These days I’m trying to figure out how I want to look as an older guy.
But I’m not gay.
Not that there’s anything wrong with that!
You see, I’ve begrudgingly begun to accept the fact that I have more than entered the “post-cute” phase of my existence here on the planet. I simply no longer have it within my power to be cute!
I can’t affect cute, I can’t imitate cute, I can’t in any manner conjure or implore cute. True, I can think cute and I can even act cute, but I can never again BE CUTE!
So, I’m spending an inordinate amount of time checking out plus 60 year old guys in an effort to figure out which one among them whose looks aren’t liable to cost anyone their lunch I may best repackage myself into resembling. It’s a daunting task.
And when you tend to spend your time staring intently at a lot of men, well, some may quite naturally think you’re looking to find a partner for Sunday brunch with waffles and ice cream followed by an afternoon of antiquing.
“That’s not a bad looking man,” I thought to myself the other day while staring excessively at an older dude who looked a bit like the actor Donald Sutherland.
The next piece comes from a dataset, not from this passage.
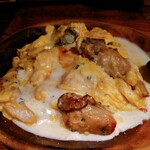 立飲・ビストロシン サンテ - 牡蠣のオムレツ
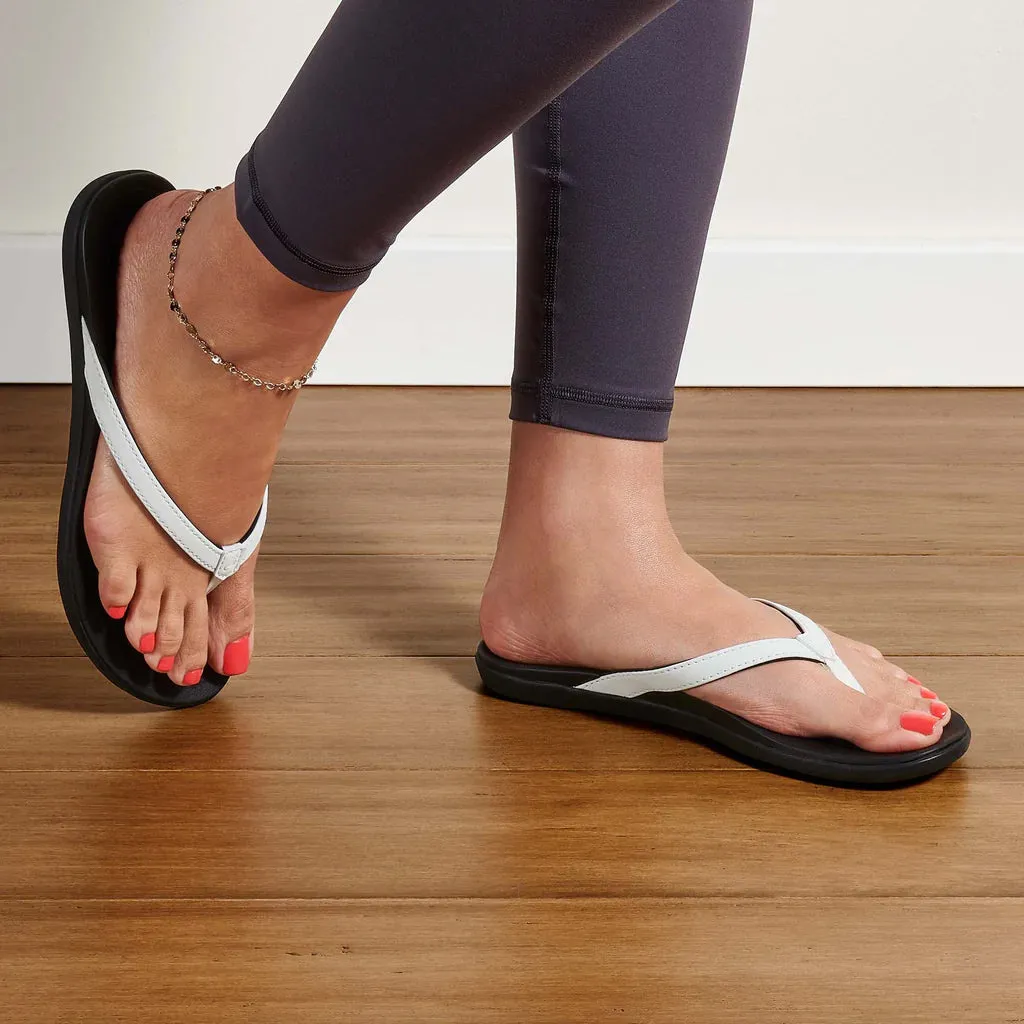 Olukai Womens Ho'opio White/Onxy Sandal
Yep, distinguished gray beard, professorial look, and I think … uh … he just winked at me!
Wondering how I might look in a very gray beard, I realized I’d probably more closely resemble Roy Rogers' sidekick Gabby Hayes than DonaldSutherland.
“Hi,” said the professorial chap as he cheerily approached me. “Couldn’t help but notice you looking me over!”
“Oh, uh, hi,” I said. “I have to tell you I’m not gay.
“Nor am I,” said pseudo - Sutherland. “I just didn’t want to disappoint you.”
Didn’t want to disappoint me? No, Hawkeye, I only want to resemble you, notride you like a steer!
A bit later, I began scrutinizing a rather regal looking oldster with intriguing facial structure a la a less dissipated Malcolm McDowell.
He gave me a quizzical look, then a smile.
“I’m not gay,” I assured him as he sidled on up to me. “I just wanted to see if maybe I could affect cheekbones like yours with a bit of make-up."
“Don't be upset, my friend,” he replied warmly. “I am gay, very nice to meet you!”
“Oh … oh... good," I stammered. Not that there’s anything wrong with that! Uhh, umm ... meeting any nice gay guys?"
Unflappable as usual. "I'm flattered you want to look like me," he said, "but you shouldn't worry. You look just fine."
Not only did he turn out to be a very nice guy, he even let me take his picture so I could review it later with my stylist. I hope he meets a lot of nice gay guys going forward.
Frankly I’ve just got to get better at all this surreptitious scrutinizing. Or maybe just accept the fact that however I look is how I’m gonna look?
Hey, check out that guy over there! Looks like the older Cary Grant!